§ **What is being asked**
The answer must be only the lines below from the one holding "Colorful Life Hug Me Abstract Hoodie" down to the one holding "New York Islanders", ends included, printed exactly; please omit all pictures.

[Record extracts Boundary: Start]

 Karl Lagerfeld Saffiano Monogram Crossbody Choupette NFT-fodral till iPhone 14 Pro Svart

[Record extracts Boundary: End]
[Record extracts Boundary: Start]

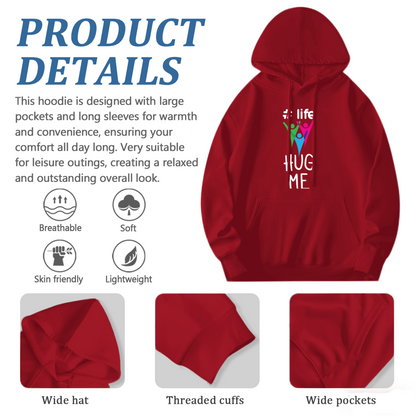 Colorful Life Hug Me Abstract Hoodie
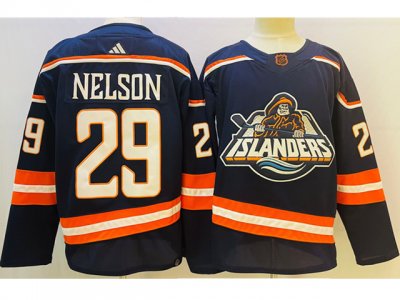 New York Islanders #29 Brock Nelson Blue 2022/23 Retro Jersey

[Record extracts Boundary: End]
[Record extracts Boundary: Start]

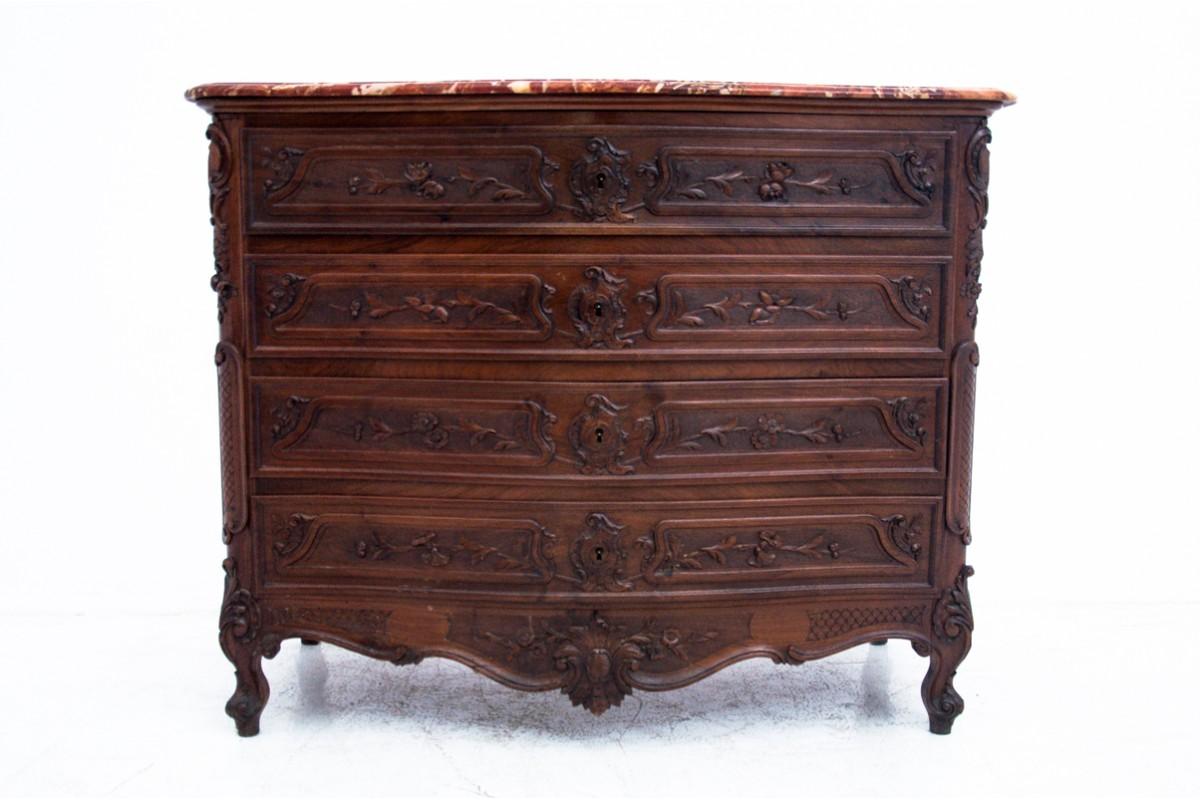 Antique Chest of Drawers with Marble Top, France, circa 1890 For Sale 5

[Record extracts Boundary: End]

§ **Finished task**
 Colorful Life Hug Me Abstract Hoodie
 New York Islanders #29 Brock Nelson Blue 2022/23 Retro Jersey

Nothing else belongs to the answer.